Mrs. Tree-Creeper. It sounds perfect.
Mr. Tree-Creeper. Yes, but it’s no use waiting here. We must collar it at once. There were a lot of prying birds all about when I was there, and I noticed a particularly nosey flycatcher watching me all the time. Come along quick; and you’d better bring a piece of hay with you to look like business.
III
Mr. Wren. Well, darling, what shall it be this year—one of those boxes at “The Firs,” or the letter-box at “Meadow View,” where the open-air journalist lives, or shall we build for ourselves like honest wrens?
Mrs. Wren. I leave it to you, dearest. Just as you wish.
Mr. Wren. No, I want your help. I’ll just give you the pros and cons.
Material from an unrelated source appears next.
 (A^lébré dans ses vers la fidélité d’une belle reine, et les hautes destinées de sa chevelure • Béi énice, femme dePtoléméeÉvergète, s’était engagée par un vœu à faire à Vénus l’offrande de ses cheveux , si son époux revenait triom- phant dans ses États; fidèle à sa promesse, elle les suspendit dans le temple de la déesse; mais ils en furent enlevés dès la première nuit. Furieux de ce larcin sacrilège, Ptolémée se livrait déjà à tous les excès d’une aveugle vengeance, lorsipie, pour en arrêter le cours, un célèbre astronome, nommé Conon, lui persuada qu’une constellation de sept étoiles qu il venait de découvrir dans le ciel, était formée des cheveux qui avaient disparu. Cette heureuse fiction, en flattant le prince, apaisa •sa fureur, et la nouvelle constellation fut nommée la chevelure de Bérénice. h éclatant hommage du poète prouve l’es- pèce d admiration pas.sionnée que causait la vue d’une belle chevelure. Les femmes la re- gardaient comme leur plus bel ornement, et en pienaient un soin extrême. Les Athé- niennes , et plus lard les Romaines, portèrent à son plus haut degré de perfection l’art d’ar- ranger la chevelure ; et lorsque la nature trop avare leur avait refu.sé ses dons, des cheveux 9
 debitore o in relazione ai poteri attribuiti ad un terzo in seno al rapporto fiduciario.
Mrs. Wren. Yes, dear, do; you’re so clear-headed.
Mr. Wren. Listen then. If we use the nest-box there’s nothing to do, no fag of building, but we have to put up with visitors peeping in every day and pawing the eggs or the kids about. If we use the letter-box we shall have to line it, and there will be some of the same human fussiness to endure; but on the other hand, we shall become famous—we shall get into the papers. Don’t you see the heading, “Remarkable Nest in Surrey”? And then it will go on, “A pair of wrens have chosen a strange abode in which to rear their little fluffy brood——” and so forth.
Mrs. Wren. That’s rather delightful, all the same.
Mr. Wren. Finally, there is the nest which we build ourselves, running just the ordinary risks of boys and ornithologists, but feeling at any rate that we are independent. What do you say?